The Cham people do not grow high trees which they think are the shelters of monsters, thus, the Cham villages have few trees. A series of houses stand next to each other in the middle of parallel or perpendicular pathways. Doctor Le Duy Dai from the Vietnam Museum of Ethnology said:               “Normally, the Cham houses face the East. In a Cham village, houses are nicely arranged like streets with alleyways. Village pathways are built in North-South or East-West directions. That’s why the Cham houses or houses of a clan are built in a straight line". 

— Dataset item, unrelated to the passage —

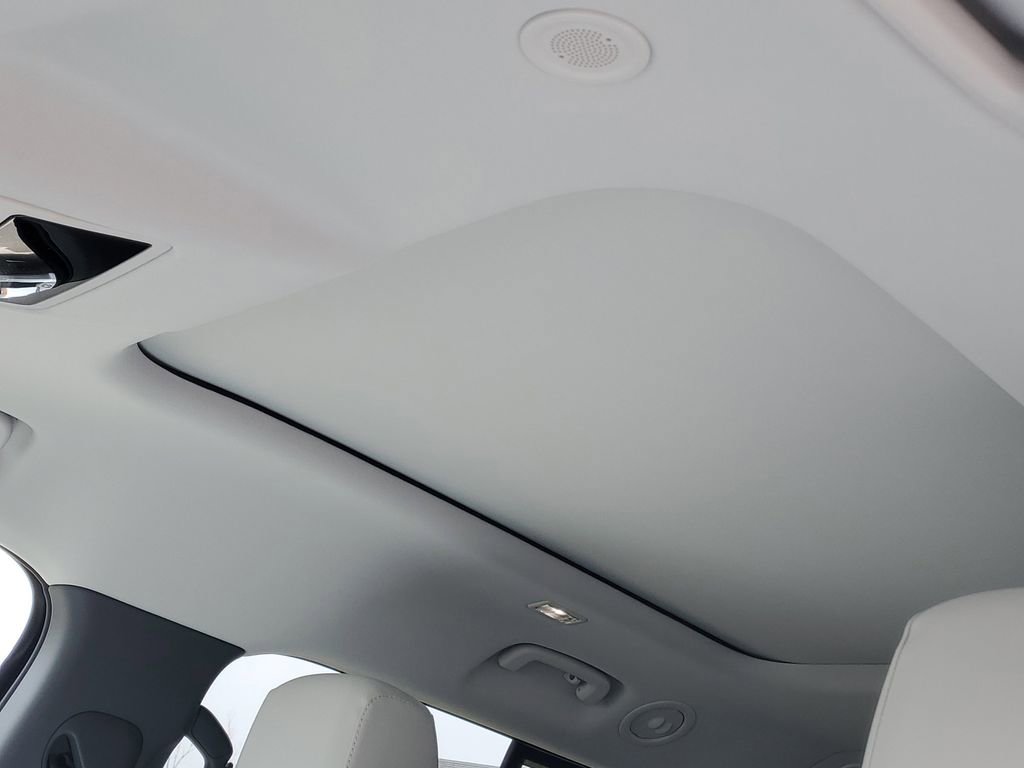 New 2026 Land Rover Defender 130 X-Dynamic SE image 8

In the Cham’s matriarchal family, every couple of sisters has their own house. So the number of houses in a plot of land depends on how many married women that family has and on which class that family belongs to. Doctor Le Duy Dai told VOV:“The aristocrats usually have 7 houses sitting next to each other, while the poor have only 5 houses altogether. The extra two houses of the aristocrats are used to accommodate farming tools such as mandrels and shovels and household appliances such as grinders and rice-hulling mills”.

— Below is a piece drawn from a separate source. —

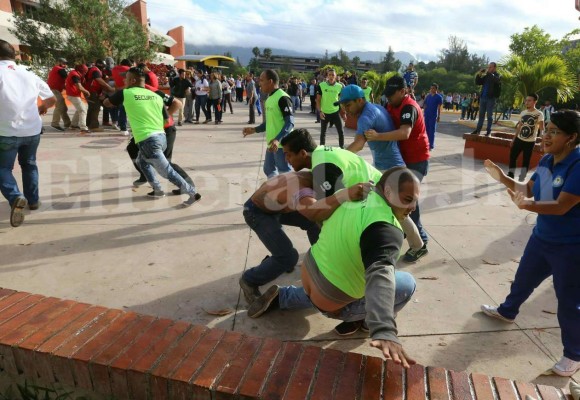 En Fotos: Así se vivió el zafarrancho entre universitarios y miembros de seguridad al interior de la UNAH
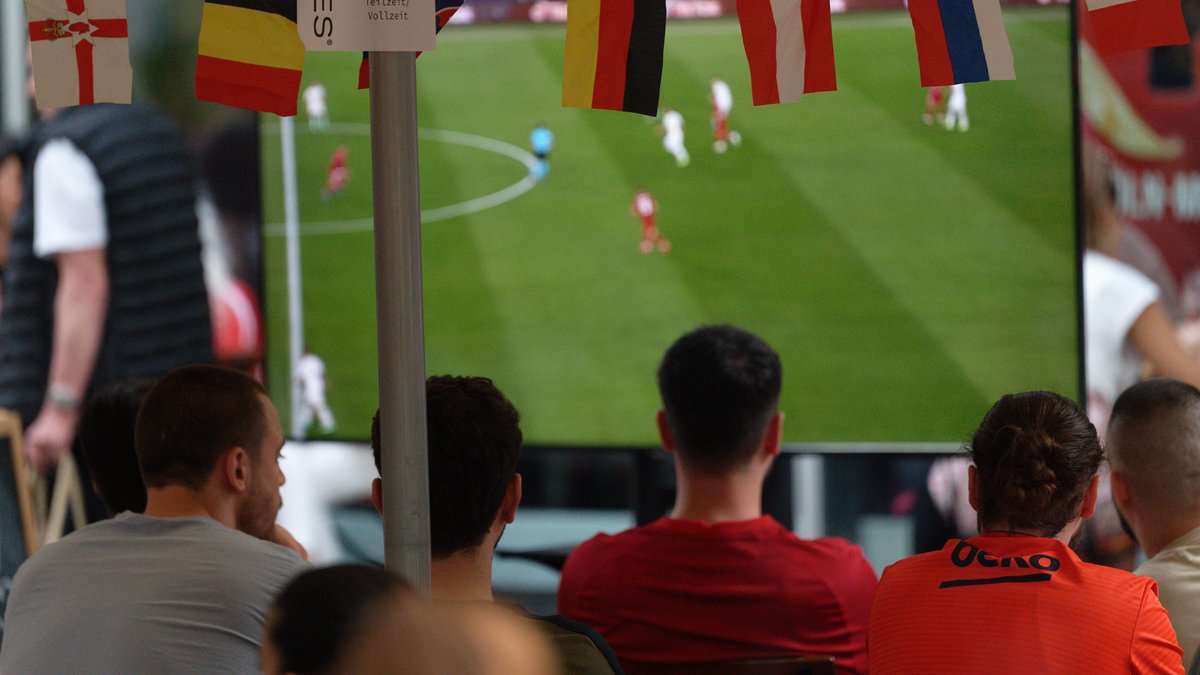 Public-Viewing bei der Fußball-EM 2021 (Archivbild)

The most important house among them is called Thang dơ, where family rituals take place like wedding and ancestor worshipping ceremonies.

“Thang dơ is the home of the newly-wed couples. When the elder daughter gets married, she and her husband will live in Thang dơ and her parents will move to another house called Thang lâm. When the second daughter gets married, the family of the elder daughter will move to another house called Mư dâu and leave Thang dơ to her younger sister’s”.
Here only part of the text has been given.